The U.S. Office of the Director of National Intelligence is matching the technology needs of the intelligence community to the capabilities of the private sector with the goal of speeding innovation to the user community as well as introducing community specialists to new technologies.
This program eschews individual matchmaking between separate intelligence disciplines in favor of a broad effort that encompasses all the technological needs of the intelligence community. The idea is to cast a net across the intelligence research community to collect ideas and innovations that might be applied to areas where they are not even known.
And this matchmaking is not limited to private sector technologies. Federal research facilities that traditionally are not connected to the intelligence community also are part of the potential solution mix.
This partnership is at the core of the Intelligence Science and Technology Partnership, or In-STeP. It is based in the Office of the Director of National Intelligence (ODNI) science and technology division, which is under the Office of Acquisition, Technology and Facilities.

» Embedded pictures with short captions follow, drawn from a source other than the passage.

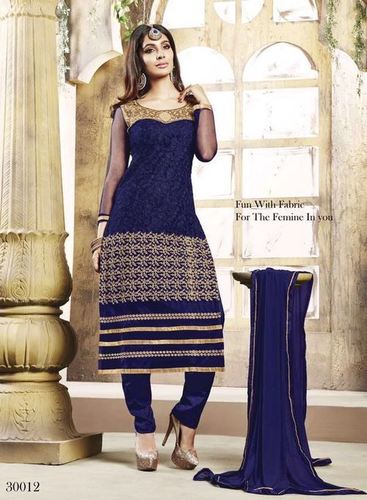 Blue color Georgette Mono Net Salwar Kameez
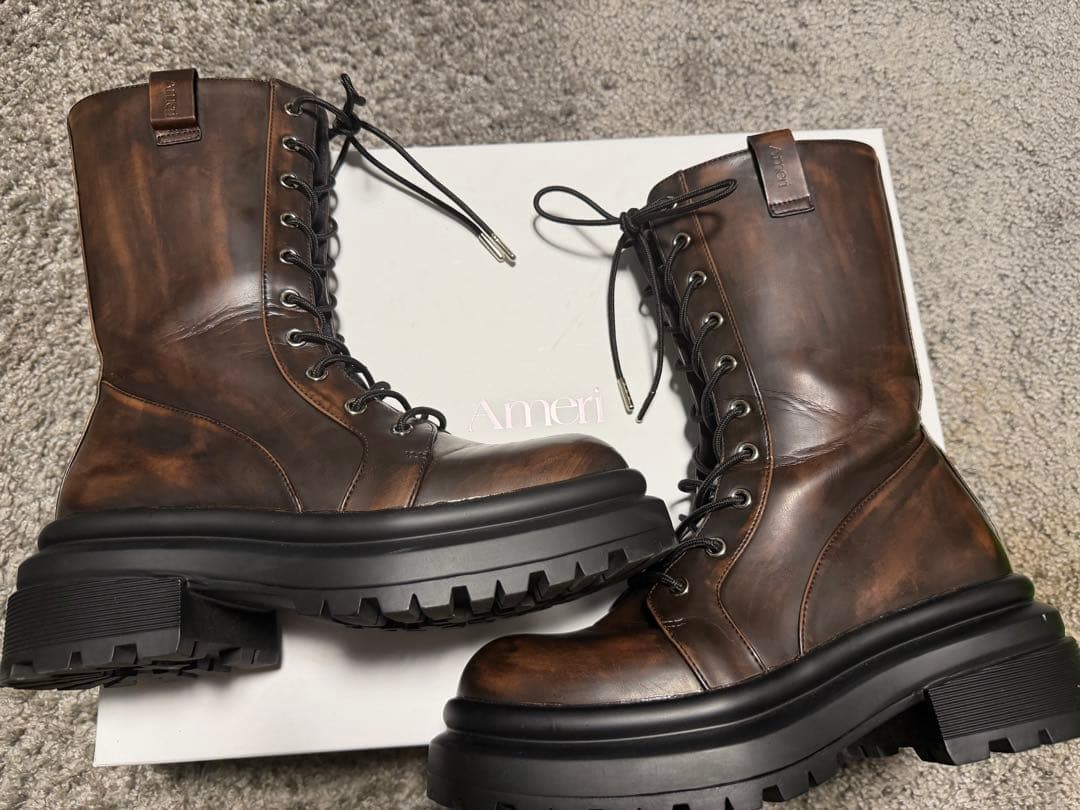 AMERI LACE UP TANK SOLE BOOTS ￼ブラウンM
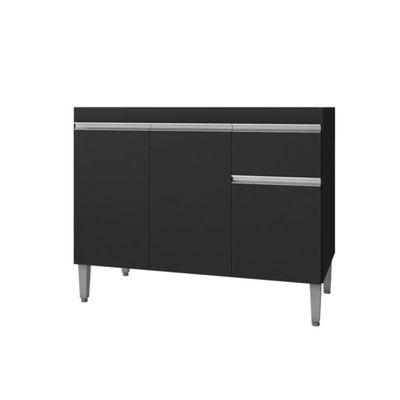 Balcão De Cozinha 2 Portas Oxford Preto Fosco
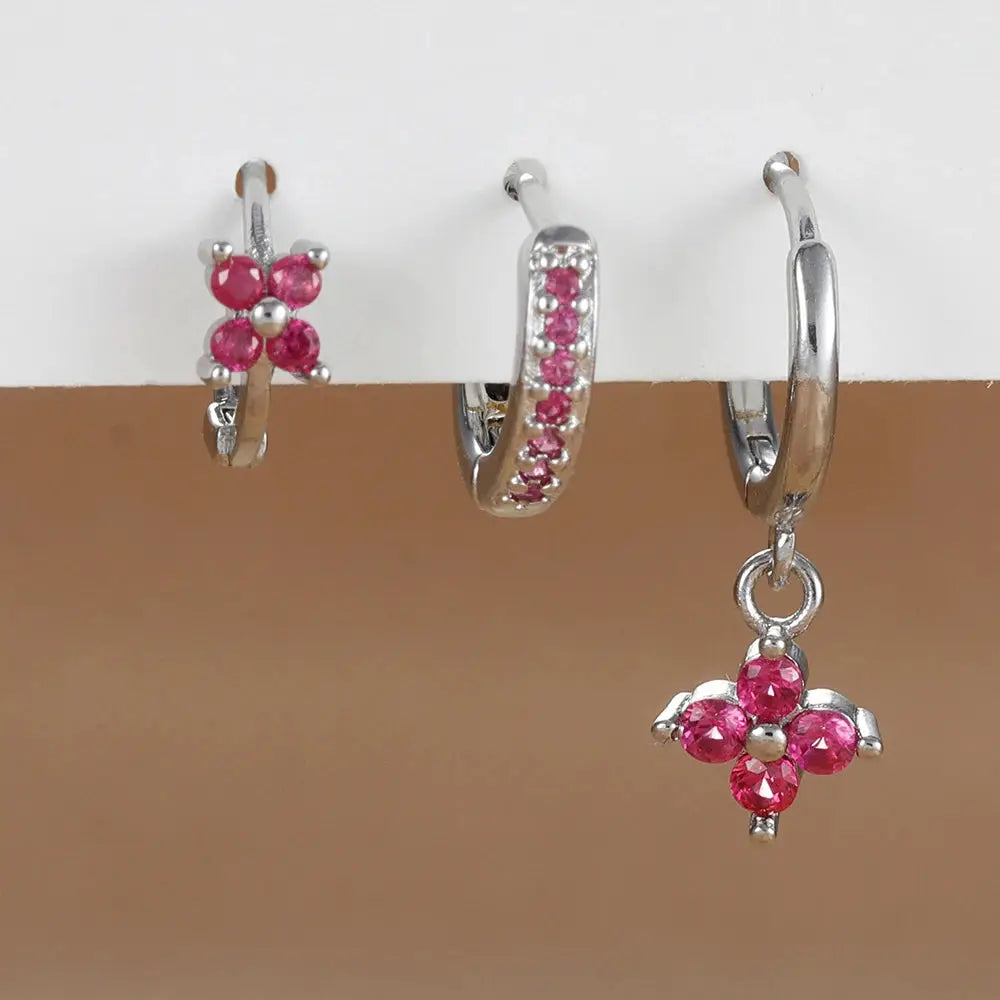 3Pcs Trendy Stainless Steel Flower Drop Earrings Set For Women Crystal Zirconia Dangle Hypoallergenic Piercing Jewelry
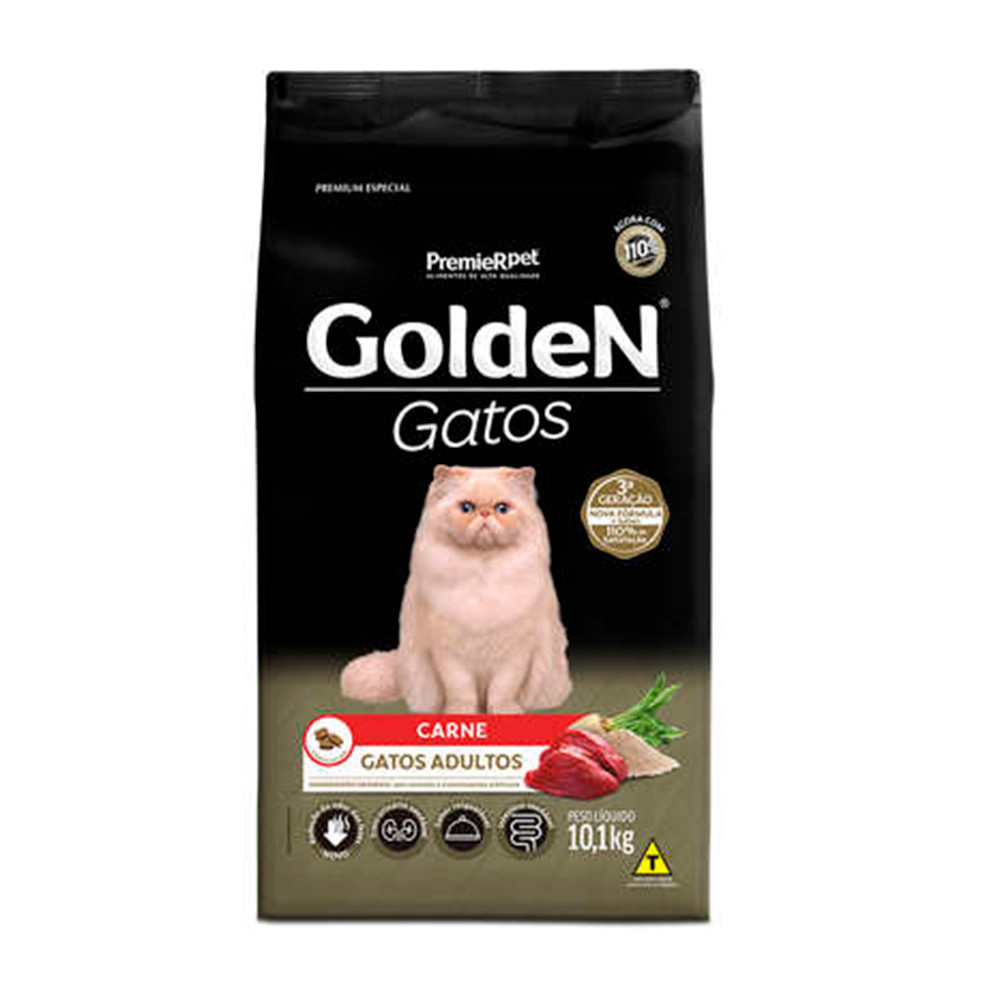 Ração Premier Golden para Gatos Adultos Carne 10,1kg - Pets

Aligning public and private sector efforts requires having a clear understanding of community needs as well as knowing where industry is going, points out David M. Isaacson, lead for In-STeP. In-STeP aims for both shared ownership and shared responsibility, he says. What might enable In-STeP to succeed where other government-industry partnerships have faded into obscurity is that industry will have a role in developing the strategy that will be pursued, explains David A. Honey, director of science and technology and assistant deputy director of national intelligence for science and technology.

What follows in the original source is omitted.